Brent crude oil, against which Nigerian oil is priced, saw a modest rise of 27 cents to $88.67 a barrel while U.S. West Texas Intermediate crude oil gained 30 cents to $82.93 a barrel.

The optimism stems from negotiations between Israel and Hamas with talks in Cairo aiming to broker a potential ceasefire.

Despite these diplomatic efforts, attacks in the Red Sea by Yemen’s Houthis persist, raising concerns about potential disruptions to oil supply routes.

Vandana Hari, founder of Vanda Insights, emphasized the importance of a concrete agreement to drive market sentiment, stating that the oil market awaits a finalized deal between the conflicting parties.

Meanwhile, investor focus remains on the upcoming U.S. Federal Reserve’s policy review, particularly in light of persistent inflationary pressures.
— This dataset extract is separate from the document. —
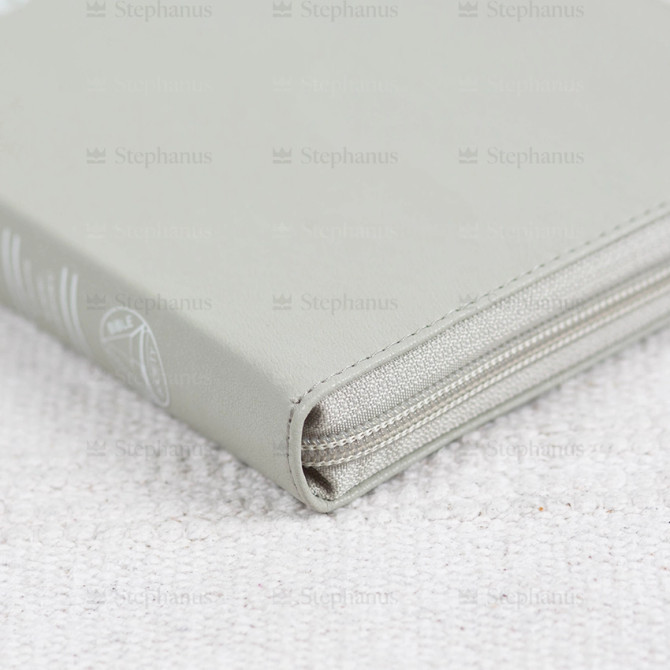 Biblia, Dumitru Cornilescu, Medie,  - Gri deschis/ imprimat cu alb - 052 ZTI, Fermoar, Aurită, Fără Index - SBR - 04 - stephanus.ro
Market expectations for any rate adjustments have been pushed out due to stubborn inflation, potentially bolstering the U.S. dollar and impacting oil demand.

Concerns over demand also weigh on sentiment, with ANZ analysts noting a decline in premiums for diesel and heating oil compared to crude oil, signaling subdued demand prospects.

As geopolitical uncertainties persist and market dynamics evolve, observers closely monitor developments in both the Middle East and global economic policies for their potential impact on oil prices and market stability.